The SEC highlighted, among other areas of enforcement focus, its ESG-related enforcement efforts. In this regard, the SEC stated that the Division of Enforcement applies principles regarding materiality, accuracy of disclosures, and fiduciary duty, as codified in federal statutes, regulations, and case law. The press release highlighted three SEC enforcement actions:
- An action charging a registered investment adviser for materially misleading statements and omissions about its consideration of ESG principles in making investment decisions for certain mutual funds;
- A litigated matter charging a large iron ore producer with allegedly making false and misleading claims to local governments, communities, and investors about the safety of its dams prior to the collapse of a particular dam in South America; and
- Charges against a robo-adviser that had marketed itself as providing advisory services compliant with Islamic, or Shariah law, but did not adopt and implement written policies and procedures addressing how it would assure compliance with that law on an ongoing basis.
More recently, the SEC charged a registered investment adviser for ESG policy compliance failures involving investment strategies that were marketed as ESG strategies.
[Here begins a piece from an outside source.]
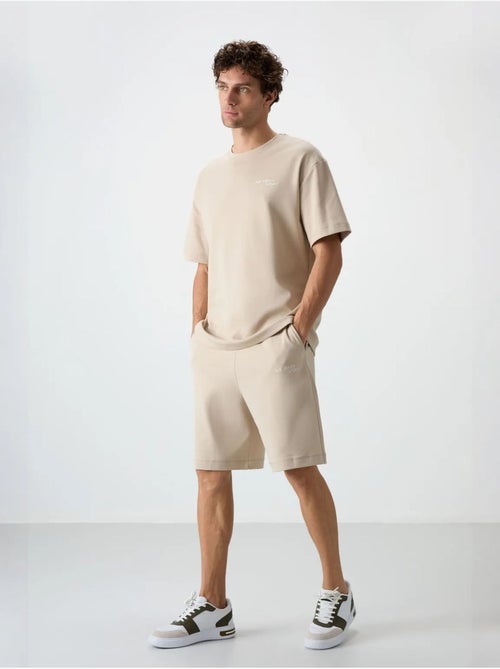 Ensemble t-shirt et short oversize tommy - Kiabi Ensemble t-shirt et short oversize tommy - Kiabi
With respect to a certain ESG strategy, the SEC found that the adviser did not adopt written policies and procedures governing how the adviser evaluated ESG factors as part of the investment process until after the strategy had been introduced. With respect to all of the ESG strategies, once the adviser adopted written policies and procedures relating to the ESG investment process, it failed to follow them consistently. For example, the SEC found that the adviser’s policies and procedures required its personnel to complete a questionnaire for every company the adviser planned to include in the investment portfolio before the investment was selected, but instead personnel completed many of the ESG questionnaires after investment was selected and relied on previous ESG research, which was often conducted in a different manner than what was required in its policies and procedures.
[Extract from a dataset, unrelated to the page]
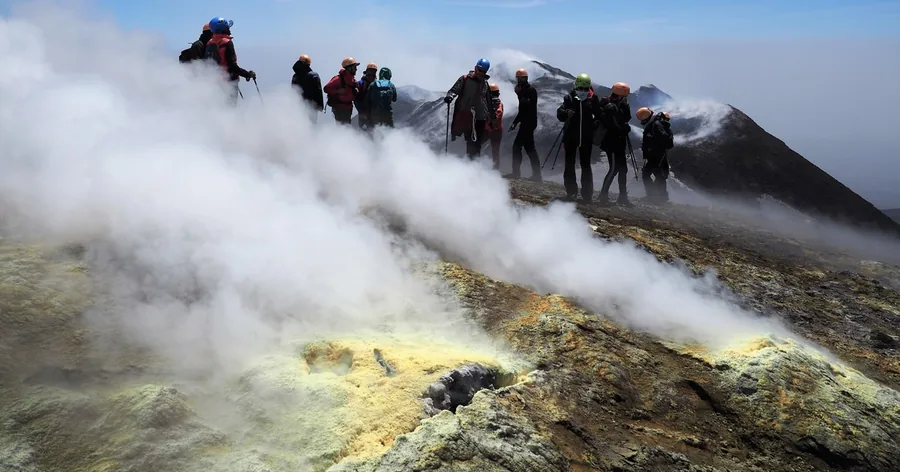 Escursionisti con il casco sul bordo di un cratere sommitale fumante dell'Etna, zolfo giallo sulle rocce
Sanjay Wadhwa, Deputy Director of the SEC’s Division of Enforcement and head of its Climate and ESG Task Force, commented that when advisers brand and market strategies and products as ESG, advisers “must establish reasonable policies and procedures governing how the ESG factors will be evaluated as part of the investment process, and then follow those policies and procedures, to avoid providing investors with information about these products that differs from their practices.” Andrew Dean, Co-Chief of the Enforcement Division’s Asset Management Unit added that this enforcement action “reinforces that investment advisers must develop and adhere to their policies and procedures over their investment processes, including ESG research, to ensure investors receive the advisory services they would expect to receive from an ESG investment.”
The enforcement actions against investment advisers echo sentiments conveyed by the Division of Examinations in an April 2021 risk alert (see also our previous blog post here).
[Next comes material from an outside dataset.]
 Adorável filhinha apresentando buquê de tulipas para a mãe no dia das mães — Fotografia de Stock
Key takeaways for investment advisers from the above enforcement actions and the related risk alert include the need to adopt and implement reasonable and appropriate:
- written policies and procedures governing how ESG factors will be used and evaluated in the investment strategy and process;
- controls regarding compliance with those policies and procedures;
- controls regarding how these strategies are marketed and described; and
- controls to promote consistency between how the strategies are actually implemented and how they are marketed and described.
Of particular importance is the fact that the new marketing rule under the Advisers Act is now the lens through which the marketing of many ESG strategies and products must be viewed. The new rule, among other things, imposes seven general prohibitions, which will provide the SEC with another potential violation in these types of cases and pose specific challenges for marketing ESG strategies and products. Specifically, under the new marketing rule, an “advertisement” (as defined broadly in the new rule) may not:
- Include any untrue statement of a material fact, or omit to state a material fact necessary in order to make the statement made, in the light of the circumstances under which it was made, not misleading;
- Include a material statement of fact that the adviser does not have a reasonable basis for believing it will be able to substantiate upon demand by the Commission;
- Include information that would reasonably be likely to cause an untrue or misleading implication or inference to be drawn concerning a material fact relating to the investment adviser;
- Discuss any potential benefits to clients or investors connected with or resulting from the investment adviser’s services or methods of operation without providing fair and balanced treatment of any material risks or material limitations associated with the potential benefits;
- Include a reference to specific investment advice provided by the investment adviser where such investment advice is not presented in a manner that is fair and balanced;
- Include or exclude performance results, or present performance time periods, in a manner that is not fair and balanced; or
- Otherwise be materially misleading.
Given the scrutiny that the SEC will apply to an investment adviser’s ESG-related disclosures, it will be critical that investment advisers take into account the learnings from the recent enforcement activity. The price of non-compliance is not only monetary, but also reputational damage.